I’m trying to follow this tutorial to fine-tune bert for a NER task using my own dataset. https://www.philschmid.de/huggingface-transformers-keras-tf. Below is my shortened code, and the error due to the last line of the code. I’m new to all these, and thank you in advance for helping out!

# load dataset, 
df_converters = {'tokens': ast.literal_eval, 'labels': ast.literal_eval}
train_df = pd.read_csv("train_df_pretokenization.csv", converters=df_converters)
train_df = train_df.head(10)

# model and pretrained tokenizer
model_ckpt = "indobenchmark/indobert-base-p2"
tokenizer = AutoTokenizer.from_pretrained(model_ckpt) 

# tokenization, and align labels 
def tokenize_and_align_labels(batch): 

    tag2int = {'B-POI':0, 'B-STR':1, 'E-POI':2, 'E-STR':3, 'I-POI':4,
           'I-STR':5, 'S-POI':6, 'S-STR':7, 'O':8}
           
    #tokenized_inputs = tokenizer(batch['tokens'], is_split_into_words=True, truncation = True, padding = True)
    tokenized_inputs = tokenizer(batch['tokens'], is_split_into_words=True, truncation = True)
    labels=[]
    for idx, label in enumerate(batch['labels']):
        word_ids = tokenized_inputs.word_ids(batch_index = idx)
        previous_word_idx = None
        label_ids = []
        for word_idx in word_ids: 
            if word_idx is None:
                label_ids.append(-100)
            elif word_idx != previous_word_idx:
                label_ids.append(tag2int[label[word_idx]])
            else: 
                label_ids.append(tag2int[label[word_idx]])
            previous_word_idx = word_idx
        labels.append(label_ids)
    tokenized_inputs['tags'] = labels

    return tokenized_inputs

def encode_dataset(ds):
    return ds.map(tokenize_and_align_labels, batched= True, batch_size=10, remove_columns=['labels','tokens', 'index'])
    
train_ds = Dataset.from_pandas(train_df)
train_ds_encoded = encode_dataset(train_ds)

# prepare model input 
data_collator = DataCollatorForTokenClassification(tokenizer, return_tensors="tf")

tf_train_dataset = train_ds_encoded.to_tf_dataset(
    columns= ['input_ids', 'token_type_ids', 'attention_mask', 'tags'],
    shuffle=False,
    batch_size=5,
    collate_fn=data_collator
)

ValueError: Unable to create tensor, you should probably activate truncation and/or padding with 'padding=True' 'truncation=True' to have batched tensors with the same length.

I thought data collator is supposed to take care of the padding work given the requested batch size, and I don’t understand why feeding in sequences of different lengths will cause this error.
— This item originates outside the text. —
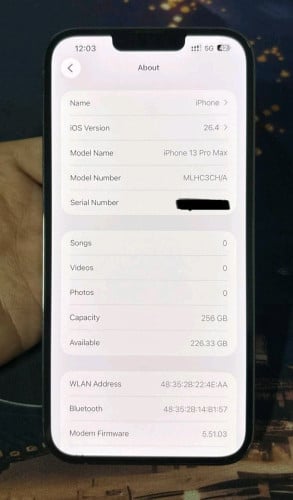 iPhone 13promax 256g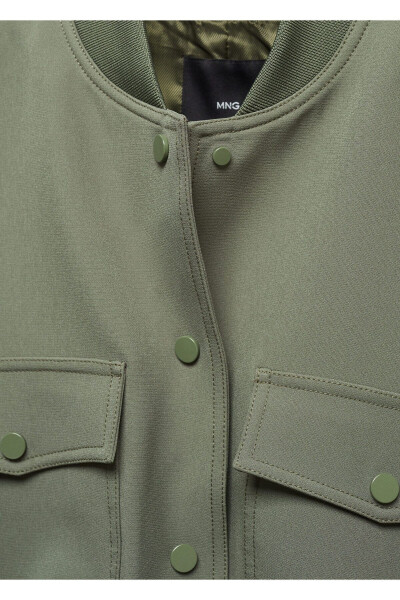 Khaki Women Jacket 57076019 - 8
Indeed, the tutorial runs fine without specifying padding or truncation. My code will run if I add padding = True to the tokenizer in the function (the line I commented out in the function). But I don’t think it is the right place to add paddings.

peetal
  • 1
  • You need padding if you're going to have ragged tensors. Are the inputs the same shape? – Djinn Jul 15 '22 at 22:09

1 Answers1

0

I think raising an error here is fine given that it is explicitly mentioning what must be done, and that truncating, as a potential loss of information, should be opt-in even when a max length and padding are defined.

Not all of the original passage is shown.